Techniques to organize code "in the large" did come. One attempt was dynamic-linked libraries (DLLs), introduced with Microsoft Windows but also used by earlier operating systems. Another was Microsoft's COM, which organized the DLLs. Neither were particularly effective at organizing code.

Object-oriented programming was effective at organizing code at a level higher than procedures and functions. And it has been successful for the past two-plus decades. OOP let programmers build large systems, sometimes with thousands of classes and millions of lines of code.

So what technique has arrived that displaces object-oriented programming? How has the computer world changed, that object-oriented programming would become despised?

I think it is cloud programming and web services, and specifically, microservices.

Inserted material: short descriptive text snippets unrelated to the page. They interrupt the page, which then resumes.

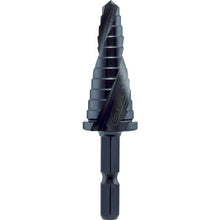 Load image into Gallery viewer, Hexagonal Shank Spiral Step Drill  ESD-616S  TOP
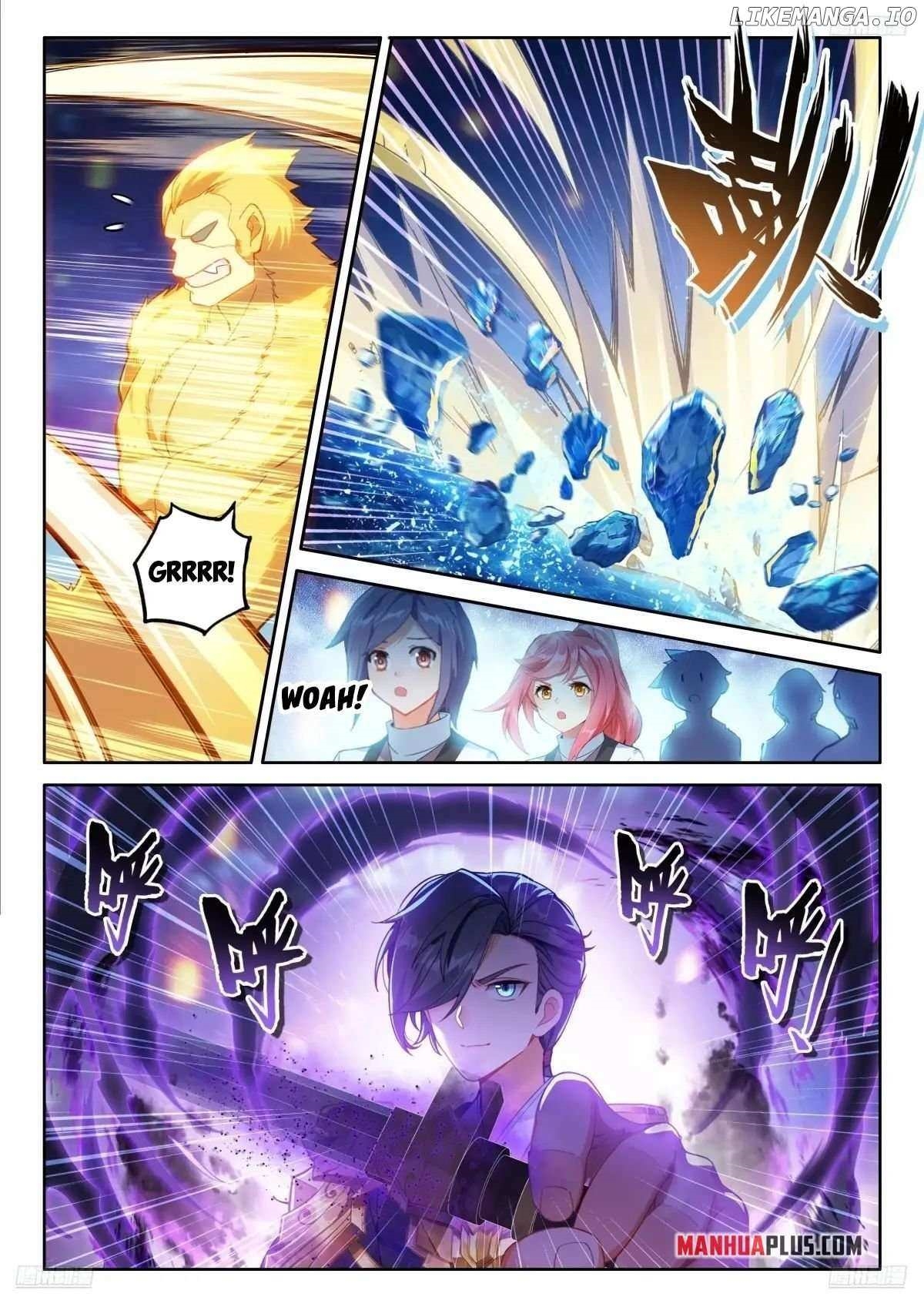 Soul Land IV - The Ultimate Combat - Chapter 511 Page 4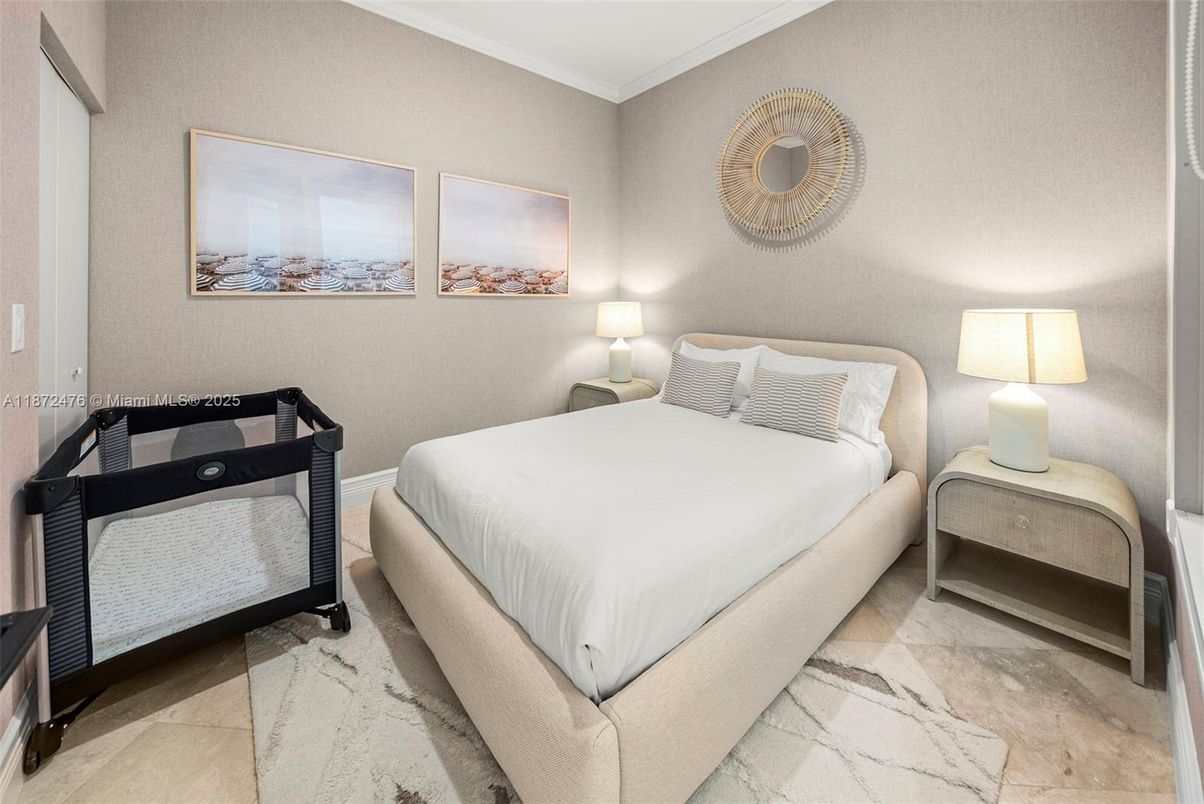 Bedroom, Interior, Marble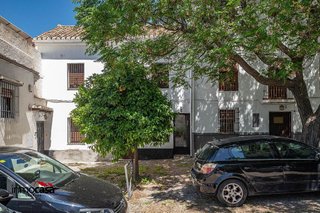 Casa adosada en venta en Albaicín en Granada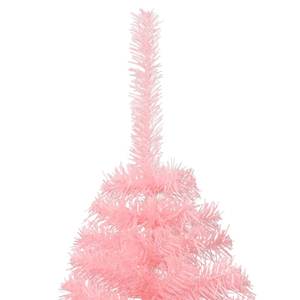 Sapin de noël Rosé - 125 x 240 x 125 cm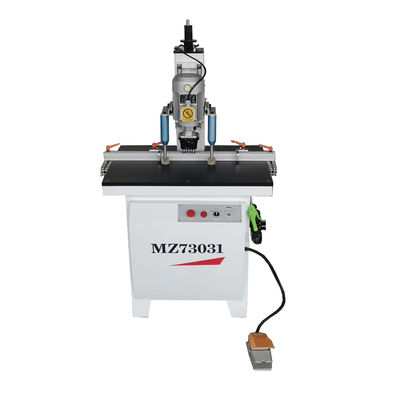 CNC Normal Single Head Dust Free Hinge Boring Machine 800x750x1550mm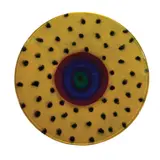 Pacita Abad, Blackberries (Scandinavian Glassworks Series)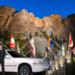 Mt Rushmore Lighting Ceremony Tour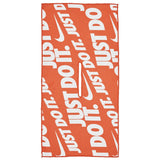 Nike Golf Towel - Caddy 2.0 - Brilliant Orange 2026
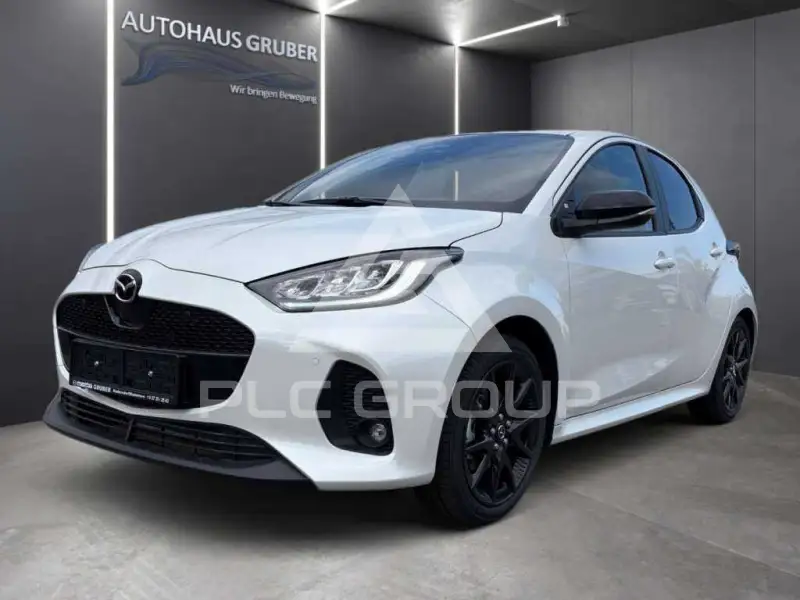 2026 Mazda 2 (Demio)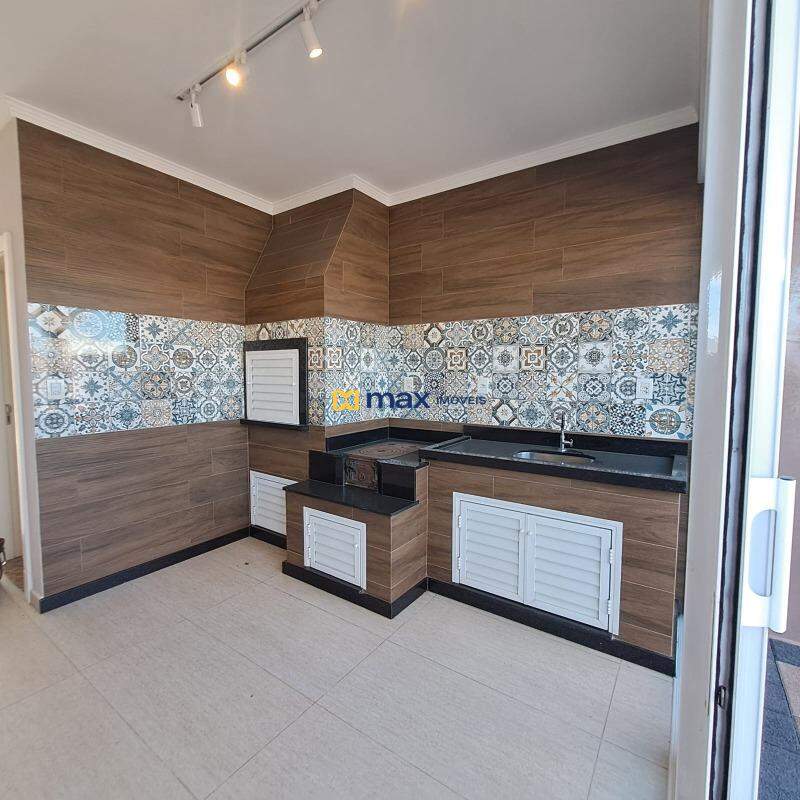 Casa à venda no Nossa Senhora da PAZ: Churraqueira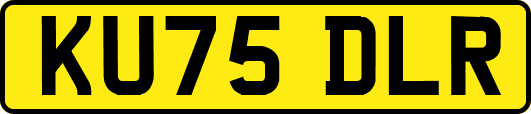 KU75DLR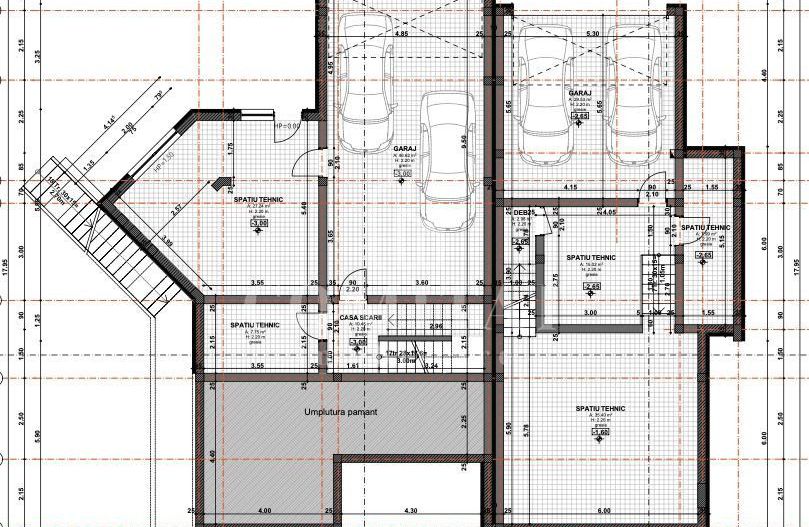 Casa spatioasa de tip duplex | Zona Feleacu - Poză 4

OOP lets us organize a large code base into classes (and namespaces which contain classes). The concept of a web service also lets us organize our code, in a level higher than procedures and functions. A web service can be a large thing, using OOP to organize its innards.

But a microservice is different from a large web service. A microservice is, by definition, small. A large system can be composed of multiple microservices, but each microservice must be a small component.

Microservices are small enough that they can be handled by a simple script (perhaps in Python or Ruby) that performs a few specific tasks and then exits. Small programs don't need classes and object-oriented programming. Object-oriented programming adds cost to simple programs with no corresponding benefit.

Programmers building microservices in languages such as Java or C# may feel that object-oriented programming is being forced upon them. Both Java and C# are object-oriented languages, and they mandate classes in your program. A simple "Hello, world!" program requires the definition of at least one class, with at least one static method.

Perhaps languages that are not object-oriented are better for microservices. Languages such as Python, Ruby, or even Perl. If performance is a concern, the compiled languages C and Go are available. (It might be that the recent interest in C is driven by the development of cloud applications and microservices for them.)

Object-oriented programming was (and still is) an effective way to manage code for large systems. With the advent of microservices, it is not the only way. Using object-oriented programming for microservices is overkill. OOP requires overhead that is not helpful for small programs; if your microservice is large enough to require OOP, then it isn't a microservice.

I think this is the reason for the recent animosity towards object-oriented programming. Programmers have figured out the OOP doesn't mix with microservices -- but they don't know why. They fell that something is wrong (which it is) but they don't have the ability to shake off the established programming practices and technologies (perhaps because they don't have the authority).

If you are working on a large system, and using microservices, give some thought to your programming language.